Original array: 64 34 25 12 22 11 90 
Sorted array (ascending): 11 12 22 25 34 64 90

Stepwise explanation:

1. Include Header: The iostream header is included to enable standard input and output operations, such as printing to the console.
2. Array Initialization: An integer array arr is declared and initialized with unsorted values. The n variable calculates the total number of elements in the array.
3. Original Array Output: A for loop iterates through the array and prints its elements, showing the unsorted state.
4. Outer Loop (Passes): The first for loop runs n-1 times. Each iteration of this loop represents a "pass" through the array. In each pass, at least one element "bubbles up" to its correct sorted position.
5. Inner Loop (Comparisons and Swaps): The second, nested for loop iterates through the unsorted portion of the array.
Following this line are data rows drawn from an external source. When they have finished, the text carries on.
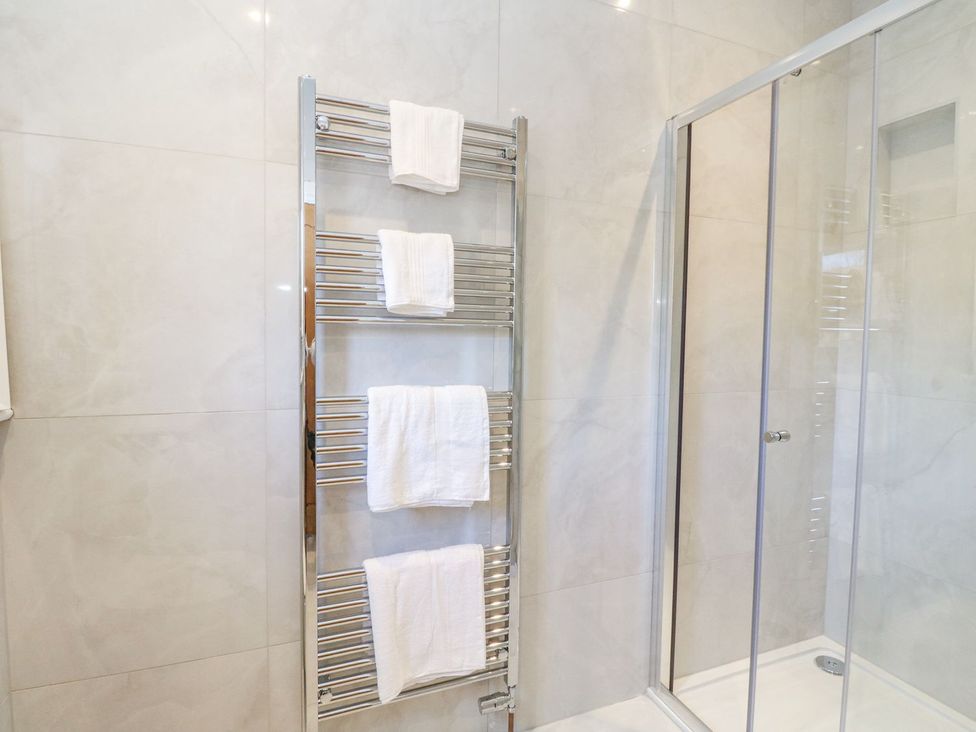 A bathroom with a towel rail and a glass shower door at Macgregor Ranch Achnabobane near Spean Bridge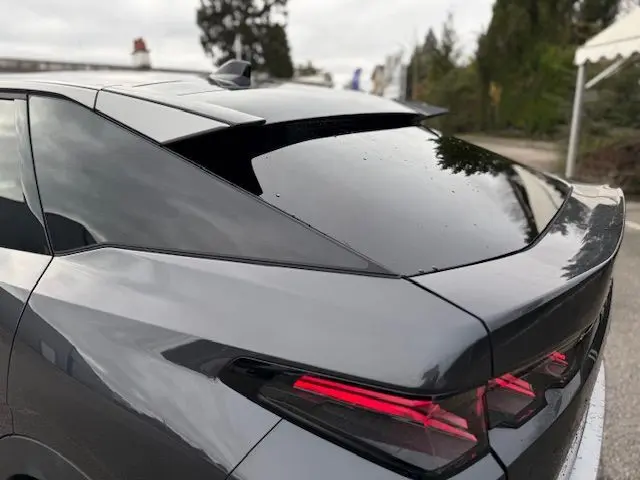 Vue 3/4 arrière droite du Peugeot 3008 Hybrid 145 GT en gris titane, soulignant les feux arrière LED et le toit noir brillant.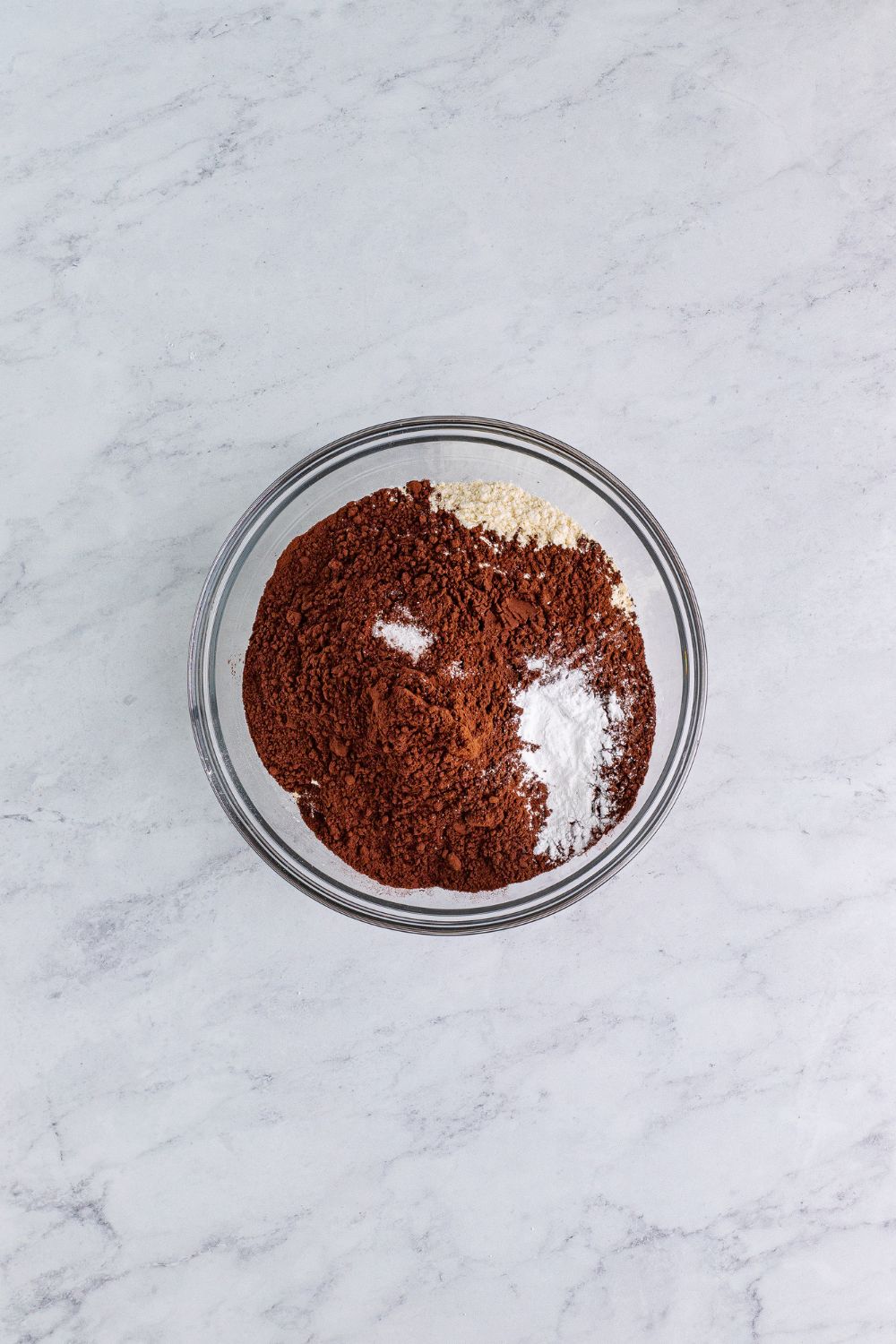 dry ingredients in a glass bowl for the Chocolate Cake Cookies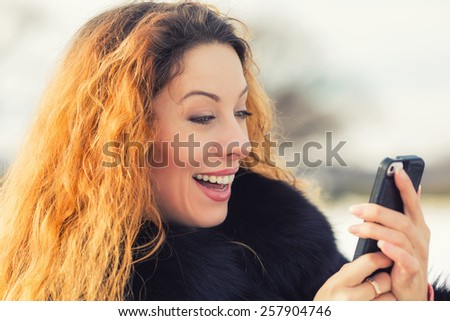 Closeup portrait, happy, cheerful, girl, excited by what she sees on cell phone, isolated park city street background. Facial expression, reaction. Beautiful woman sending text message from her mobile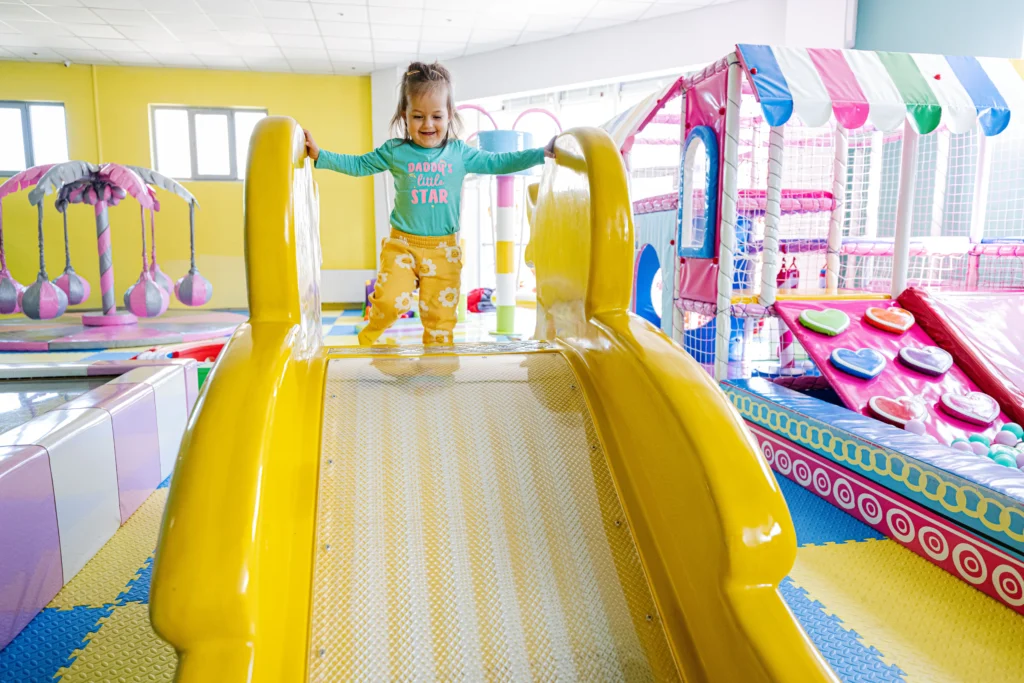 The toddler enjoys the soft play area, designed for safe, age-appropriate fun.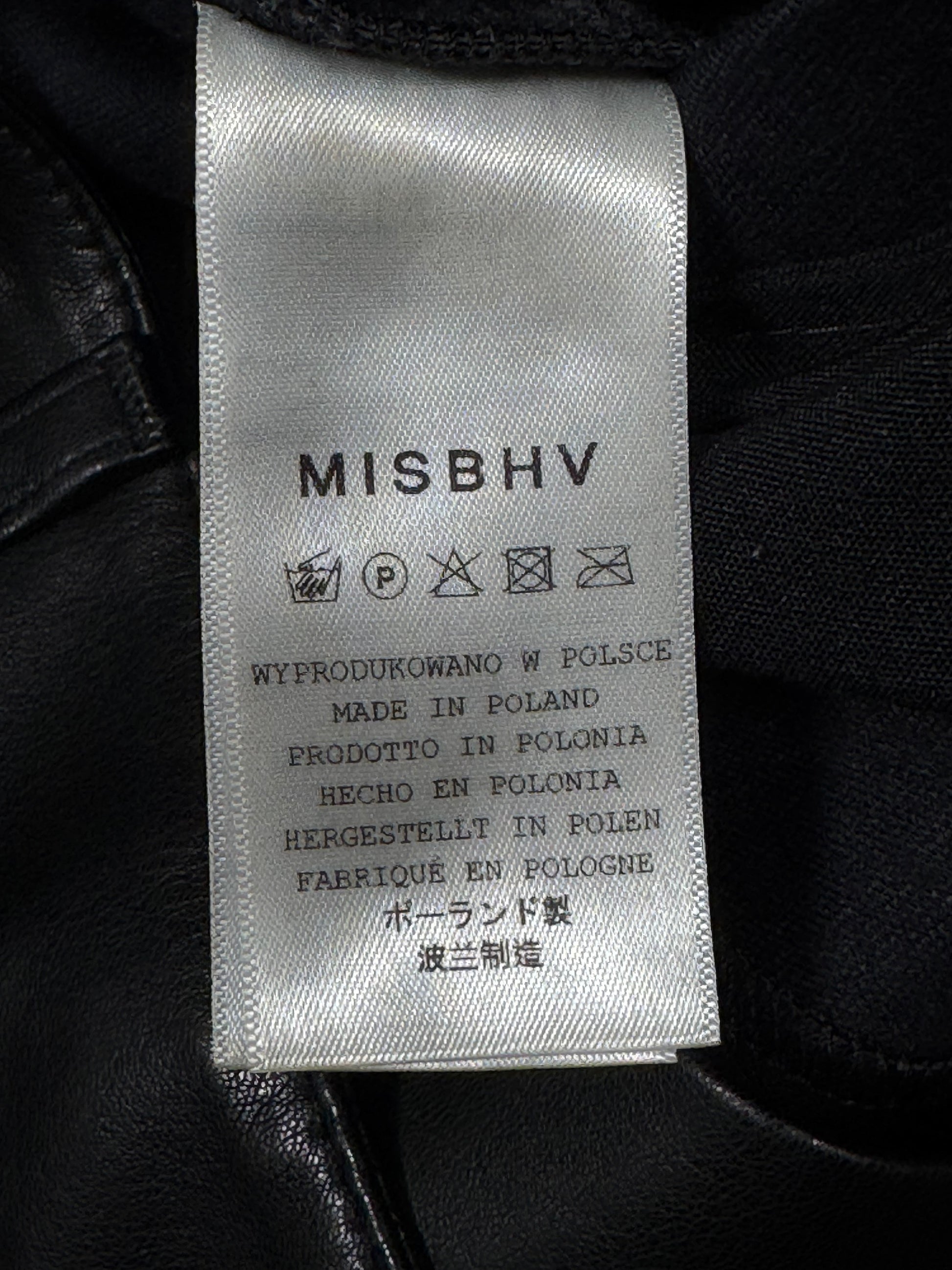 MISBHV label on a black leather jacket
• It compares adjacent elements (arr[j] and arr[j+1]).
• If arr[j] is greater than arr[j+1], their values are swapped. This is done using a temporary variable temp to hold one value while the swap occurs.
• The n - i - 1 in the inner loop's condition ensures that comparisons stop at the last unsorted element, as elements at the end become sorted with each outer pass.
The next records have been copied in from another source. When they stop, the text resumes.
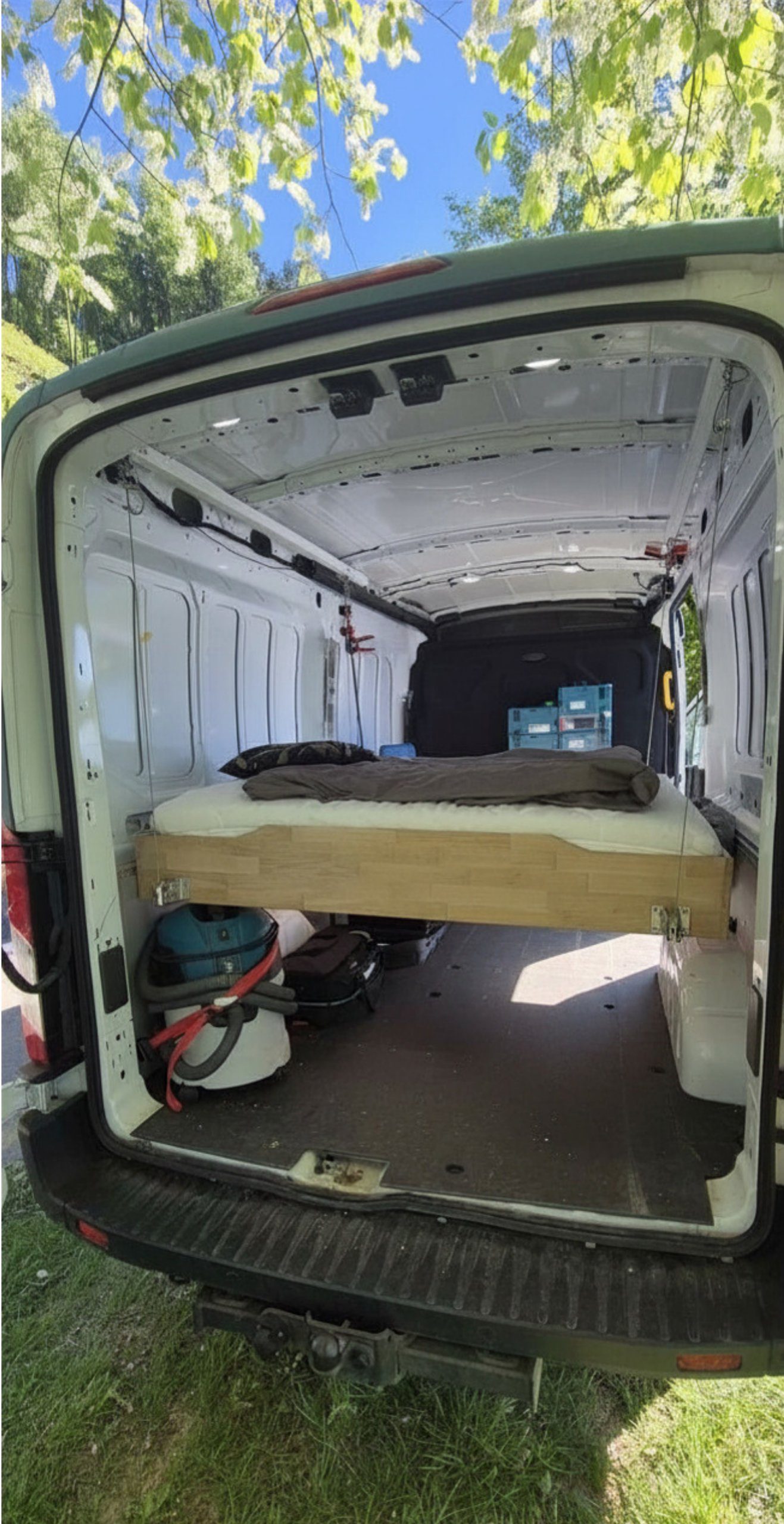 bettenHeber Hubbett im Ford Transit auf Schlafhöhe abgesenkt – mit Matratze und Bettzeug, Stauraum darunter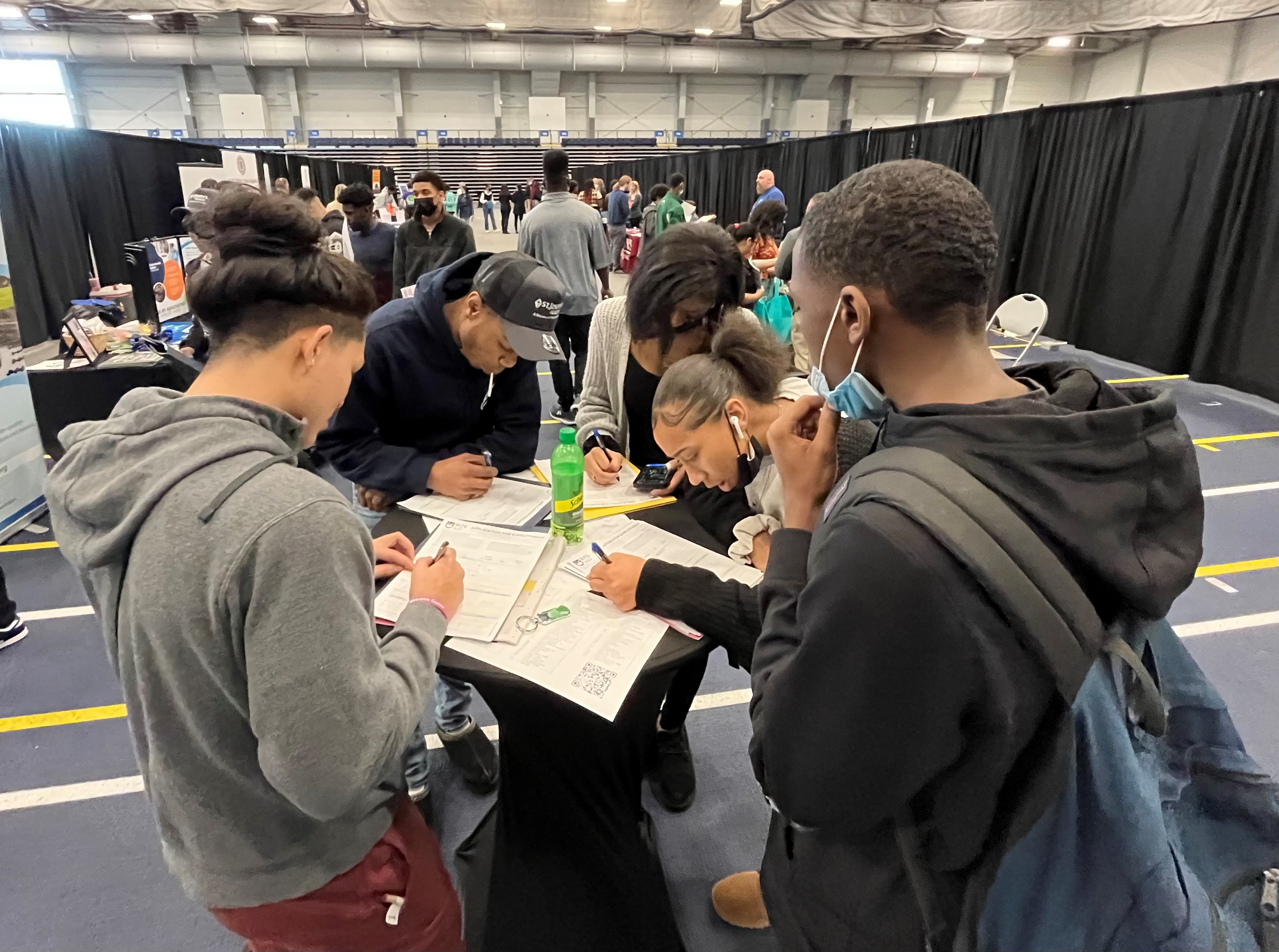 This is a photo of several students crowding around a round table, each completing a job application at a CTE Career Fair.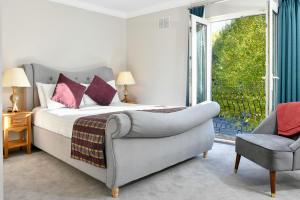 a bedroom with a bed and a chair and a window at Mount Wolseley Hotel Spa & Golf Resort in Tullow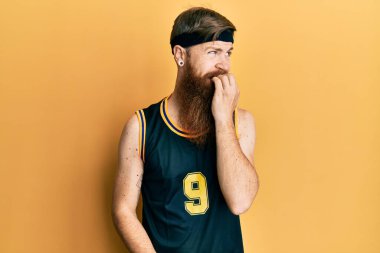Uzun sakallı, basketbol forması giyen, gergin ve elleri ağız yiyen kızıl saçlı bir adam. anksiyete.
1. Sorted Array Output: After the nested loops complete, the array arr will be fully sorted in ascending order. Another for loop prints the elements of the now-sorted array.
2. Return 0: The main function returns 0 to signify successful program execution.

Conclusion

Implementing Bubble Sort without using separate functions is straightforward, particularly for understanding its core logic. By nesting two for loops and performing conditional swaps within main, we can effectively sort an array. This approach highlights the algorithm's simplicity and direct application of array and loop fundamentals.

Summary

• Bubble Sort sorts an array by repeatedly stepping through the list, comparing adjacent elements and swapping them if they are in the wrong order.
• The implementation involves nested for loops: an outer loop for passes and an inner loop for comparisons and swaps.
• A temporary variable is crucial for correctly swapping elements.
• While simple to understand and implement, Bubble Sort is generally inefficient for large datasets.